Fri, 26 Feb 1999

Firms slowing down but optimistic in Taiwan

By Annie Huang

KAOHSIUNG, Taiwan (AP): The Asian crisis never threw Taiwan into recession.

The key to the island's success is a backbone of small and medium size businesses that are big enough to keep the economy sound but small and nimble enough to change with the times.

Take Kwang Yang Motor Co., a motorcycle manufacturer that had just finished a US$20 million plant in Indonesia last May when riots broke out, forcing the company to put off operations indefinitely. At the same time, revenues at its seven factories in mainland China were down 20 percent.

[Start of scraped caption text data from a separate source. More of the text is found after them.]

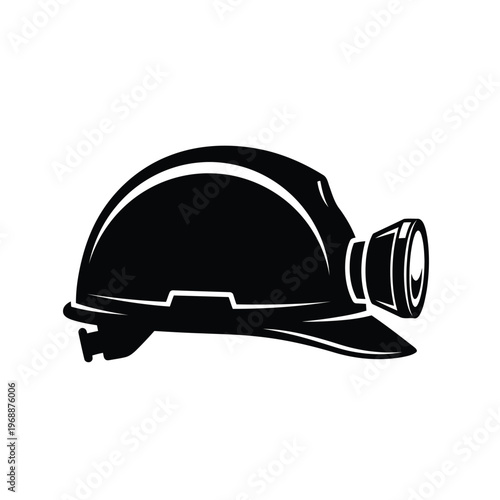 A miner wearing a hard hat with a lamp on the right side
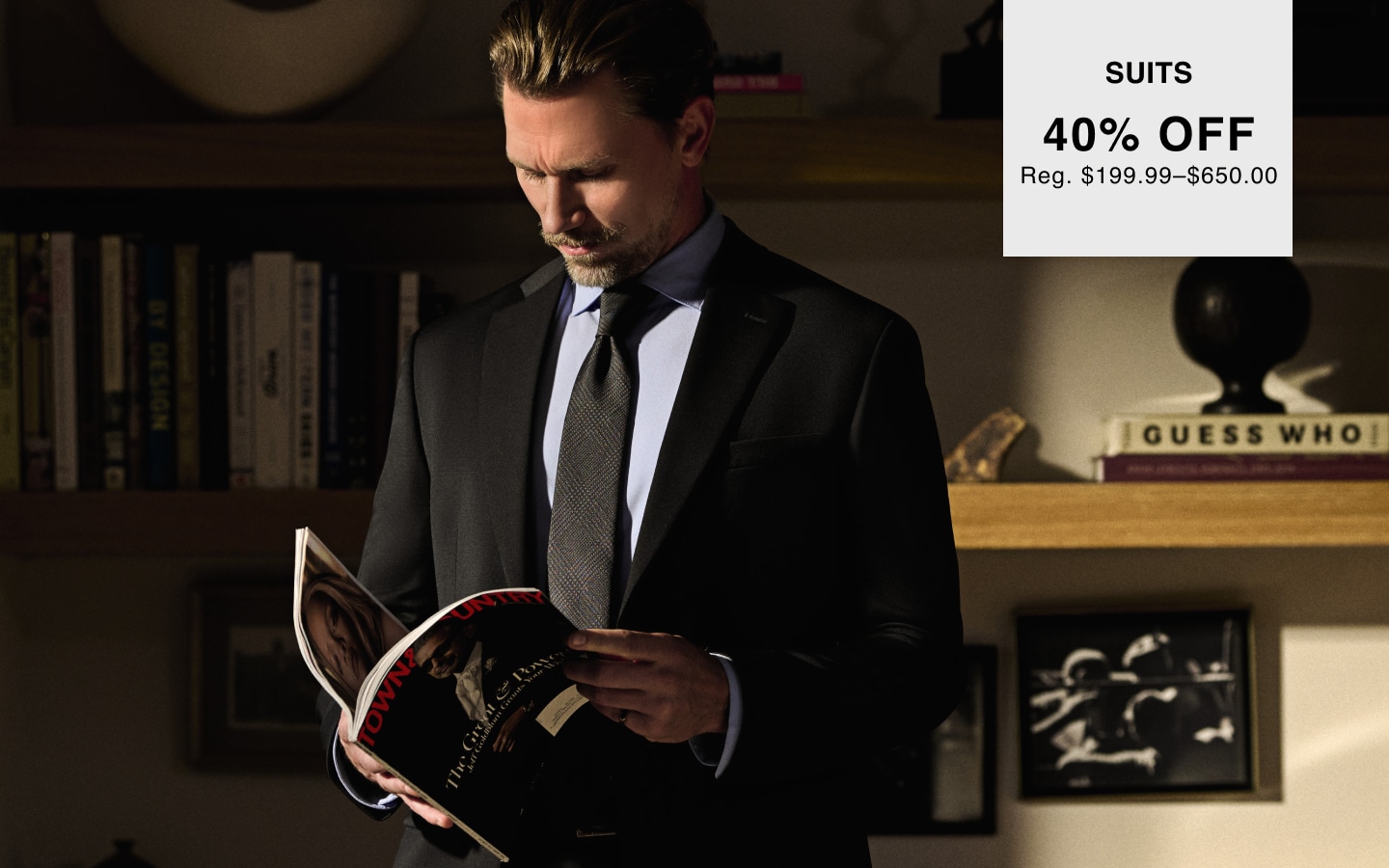 Man wearing a black suit. Suits 40% off. Regular price $199.99 to $650.00.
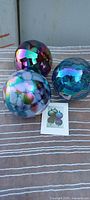 Three glass ornaments grouped on striped cloth with reference photo card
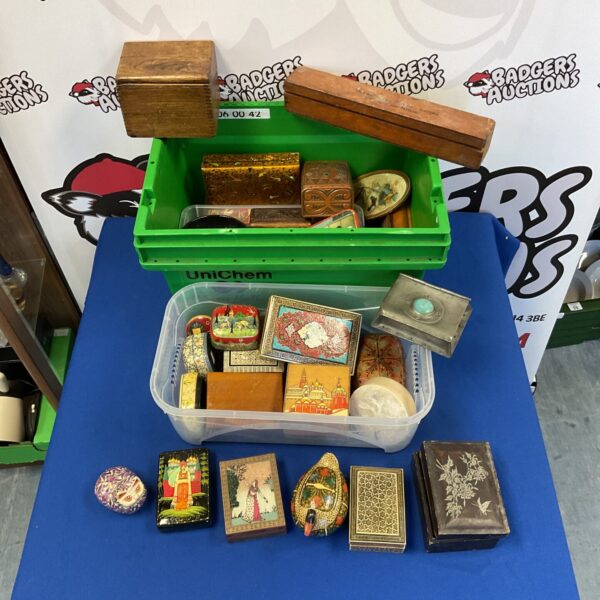 Large collection of vintage trinket boxes and decorative tins.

Kwang Yang bounced back by exploiting the drop in value of the Taiwanese dollar to double sales in Europe.

"When the market is down, we try to outdoor competitors with better marketing," sales manager Su Kuo-chang said.

Kaohsiung is the hub of hundreds of fastener makers and several steel mills that helped win Taiwan the nickname "the kingdom of fasteners."

Despite a slow Asian market, Taiwan's fastener exports grew 10 percent last year to 1.1 million tons, about 20 percent of world output.

Anchor Fasteners Industrial Co., which makes custom-designed goods, has intensified its efforts to develop better and higher- end products to invade the Japanese market.

Japan's "production costs are still much higher than ours," said James Lee, Anchor's vice president.

Still, Taiwan's total exports fell 9.4 percent last year to $110.6 billion, the biggest drop in 43 years. And bad loans held by banks soared and tightened bank credit has led to a string of corporate failures.

But analysts say the economy remains sound.

"Taiwanese have learned to do belt-tightening well," said Johnny Ni, director of the Small and Medium Business Administration. "In hard times, they cut costs, develop new products and look for new markets to prepare for the better times to come."